Add some more characters to AntiSpoof mappings for usage in TitleBlacklists
Closed, ResolvedPublic2 Estimated Story Points
Actions

Assigned To

Authored By

	MarcoAurelio
	Dec 12 2016, 11:31 PM

Description

A current scenario is that if we want to block a certain page, i.e.: .*Example.*, the blacklist does not prevent the title to be created even if we set it to <antispoof> and we have to create large regexes with spoofed and non-spoofed characters to avoid it be created, such as .*[eèéëê] which is a pain. TitleBlacklist antispoof features should take a word such as Example and prevent it to be created with and without spoofed characters. There are ongoing cases of abuse and harassment that ain't easy to manage due to this. Thanks.

Details

	Subject	Repo	Branch	Lines +/-
	Add more characters to AntiSpoof mappings	mediawiki/extensions/AntiSpoof	master	+158 -16
	Adding Ø -> O to equivset for AntiSpoof	mediawiki/extensions/AntiSpoof	master	+4 -2

Customize query in gerrit

Related Objects
Search...

		Status	Subtype	Assigned	Task
		Resolved		• TBolliger	T166816 Epic ⚡️ : Accuracy improvements to anti-spoof tools across multiple pertinent tools
		Resolved		dmaza	T153021 Add some more characters to AntiSpoof mappings for usage in TitleBlacklists

Event Timeline

MarcoAurelio created this task.Dec 12 2016, 11:31 PM

Restricted Application added a subscriber: Aklapper. · View Herald TranscriptDec 12 2016, 11:31 PM

MarcoAurelio triaged this task as High priority.Dec 12 2016, 11:32 PM

MarcoAurelio added projects: Security-Extensions, TitleBlacklist.

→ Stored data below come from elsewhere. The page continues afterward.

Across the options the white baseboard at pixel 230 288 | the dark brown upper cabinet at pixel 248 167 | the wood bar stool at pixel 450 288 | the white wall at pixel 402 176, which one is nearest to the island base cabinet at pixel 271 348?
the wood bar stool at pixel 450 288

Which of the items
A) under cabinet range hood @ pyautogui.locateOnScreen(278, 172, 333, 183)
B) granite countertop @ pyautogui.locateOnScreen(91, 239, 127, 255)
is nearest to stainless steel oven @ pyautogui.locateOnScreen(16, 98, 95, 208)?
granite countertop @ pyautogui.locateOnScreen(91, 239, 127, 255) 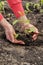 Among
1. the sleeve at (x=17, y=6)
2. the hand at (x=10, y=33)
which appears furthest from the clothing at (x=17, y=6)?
the hand at (x=10, y=33)

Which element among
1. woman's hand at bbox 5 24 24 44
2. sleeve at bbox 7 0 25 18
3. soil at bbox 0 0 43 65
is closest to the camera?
soil at bbox 0 0 43 65

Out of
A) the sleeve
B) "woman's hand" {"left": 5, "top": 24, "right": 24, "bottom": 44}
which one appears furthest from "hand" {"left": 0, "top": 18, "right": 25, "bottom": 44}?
the sleeve

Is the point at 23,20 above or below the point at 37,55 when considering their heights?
above

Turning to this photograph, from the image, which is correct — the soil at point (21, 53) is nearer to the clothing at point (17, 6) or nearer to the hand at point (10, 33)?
the hand at point (10, 33)

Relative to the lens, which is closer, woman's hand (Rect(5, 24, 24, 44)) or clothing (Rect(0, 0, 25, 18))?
woman's hand (Rect(5, 24, 24, 44))

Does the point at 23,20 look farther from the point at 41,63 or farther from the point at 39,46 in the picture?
the point at 41,63

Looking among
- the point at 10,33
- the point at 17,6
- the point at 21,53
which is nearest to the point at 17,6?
→ the point at 17,6

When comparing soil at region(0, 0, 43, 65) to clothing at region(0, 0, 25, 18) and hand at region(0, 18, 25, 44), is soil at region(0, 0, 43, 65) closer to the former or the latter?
hand at region(0, 18, 25, 44)

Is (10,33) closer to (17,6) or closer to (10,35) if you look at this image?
(10,35)

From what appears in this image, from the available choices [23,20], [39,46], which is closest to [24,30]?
[23,20]

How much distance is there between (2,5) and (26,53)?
51.1 inches

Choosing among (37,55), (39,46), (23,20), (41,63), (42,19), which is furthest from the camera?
(42,19)

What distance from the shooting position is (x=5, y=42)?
101 inches

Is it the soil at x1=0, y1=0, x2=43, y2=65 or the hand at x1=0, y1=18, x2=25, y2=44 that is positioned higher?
the hand at x1=0, y1=18, x2=25, y2=44
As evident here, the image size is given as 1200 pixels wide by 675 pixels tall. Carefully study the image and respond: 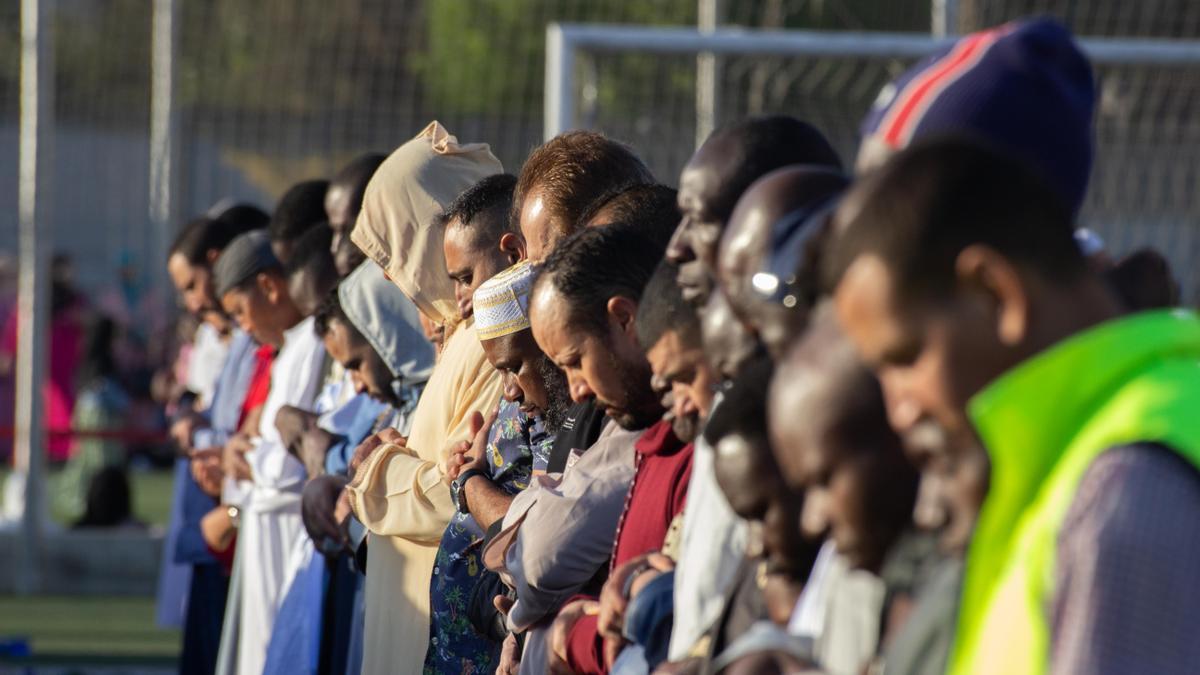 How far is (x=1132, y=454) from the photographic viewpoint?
4.80 ft

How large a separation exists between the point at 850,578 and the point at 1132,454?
612mm

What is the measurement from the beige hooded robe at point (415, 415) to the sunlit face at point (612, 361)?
99cm

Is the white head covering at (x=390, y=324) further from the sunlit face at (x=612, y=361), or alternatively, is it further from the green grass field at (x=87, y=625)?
the green grass field at (x=87, y=625)

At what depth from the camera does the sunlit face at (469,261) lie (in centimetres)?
411

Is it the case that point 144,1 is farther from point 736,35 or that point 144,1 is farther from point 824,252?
→ point 824,252

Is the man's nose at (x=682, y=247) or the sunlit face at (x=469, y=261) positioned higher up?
the man's nose at (x=682, y=247)

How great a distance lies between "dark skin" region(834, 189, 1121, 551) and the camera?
157cm

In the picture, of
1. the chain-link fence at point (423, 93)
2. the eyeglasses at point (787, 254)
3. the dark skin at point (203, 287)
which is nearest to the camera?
the eyeglasses at point (787, 254)

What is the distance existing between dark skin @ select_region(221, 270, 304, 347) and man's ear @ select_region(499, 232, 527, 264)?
7.54 ft

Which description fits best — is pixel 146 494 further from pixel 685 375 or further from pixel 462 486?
pixel 685 375

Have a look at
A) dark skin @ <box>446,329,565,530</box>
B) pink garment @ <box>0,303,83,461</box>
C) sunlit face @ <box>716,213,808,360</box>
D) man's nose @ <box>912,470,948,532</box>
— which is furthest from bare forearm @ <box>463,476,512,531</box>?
pink garment @ <box>0,303,83,461</box>

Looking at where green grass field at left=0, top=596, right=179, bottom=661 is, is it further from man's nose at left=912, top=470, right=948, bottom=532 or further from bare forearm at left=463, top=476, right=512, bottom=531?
man's nose at left=912, top=470, right=948, bottom=532

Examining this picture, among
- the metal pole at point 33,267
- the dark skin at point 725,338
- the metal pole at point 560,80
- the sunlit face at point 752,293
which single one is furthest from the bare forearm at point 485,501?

MarcoAurelio updated the task description. (Show Details)

MarcoAurelio added a subscriber: Trijnstel.Dec 12 2016, 11:35 PM

Trijnstel added a subscriber: Billinghurst.Dec 13 2016, 12:09 PM

Adding @kaldari as he did some work on T29987

Dealing with a regex like title blackllist edit

AntiSpoof too perhaps?

@MarcoAurelio, @Billinghurst: I'm wondering if this is mostly fixed now that a lot of improvements have been made to AntiSpoof. In theory a lot of those regexes should no longer be needed.

I added a patch for Ø -> O since that seems to be a common one used at the meta blacklist. https://gerrit.wikimedia.org/r/#/c/327030/

Can we make this task public please? The Title blacklist on meta is public, everyone can see that you're already working around this. That said, are you sure those variations of "e" are not normalized by antispoof?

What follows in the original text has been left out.